Hi Fly - pioneering zero plastic flights

A first: in December 2018, the Portuguese airline made four commercial flights between Portugal and Brazil with no single-use plastic on board. Hi Fly announced it is extending this practice by the end of 2019.

The four Portugal-Brazil flights avoided the use of 350 kg of single-use plastic.

Plastic waste, and in particular single-use packaging, is highly damaging for the planet. In March 2019, the non-governmental organization WWF published a study on the consequences of this pollution. It concludes that in 2016 (the most recent data), more than 310 million metric tons of plastic waste was produced worldwide. Not treated or recycled, one third is found in nature where it pollutes soils, oceans and rivers.

The NGO is particularly worried that this pollution is set to double in the oceans by 2030. "These plastics pollute nature and endanger wildlife and natural systems. They enter the food we eat and the air we breathe," says the WWF.
In this context, an increasing number of companies are taking action – for example the Portuguese airline Hi Fly. In December 2018, it made four flights between Portugal and Brazil with no single-use plastics on board. A first in the sector.
Cutlery, glasses, toothbrushes, packaging... all have been replaced by sustainable versions made of bamboo, recycled paper or compostable materials.

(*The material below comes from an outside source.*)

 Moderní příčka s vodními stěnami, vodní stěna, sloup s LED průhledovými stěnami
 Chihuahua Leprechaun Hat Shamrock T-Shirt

They were distributed to the 700 airline passengers.
"We can no longer ignore the consequences of plastic pollution on ecosystems, as well as on human health", stated the airline’s CEO, Paulo Mirpuri.  "This historic flight (...) marks our commitment to make Hi Fly the world's first plastic-free airline within the next twelve months."
According to Hi Fly, these four flights avoided the use of 350 kg of disposable plastic. "World-wide over 100,000 planes take off every day. Last year, nearly 4 billion passengers took commercial flights. The number is expected to double in under twenty years. There is clearly a huge opportunity to make a difference," said Paulo Mirpuri.
Hi Fly hopes to extend this practice by the end of 2019, becoming the world's first zero-use plastic airline. And maybe it will inspire others. Ryanair, Alaska Airlines and Air New Zealand have said they would like to reduce the use of plastic on their airlines.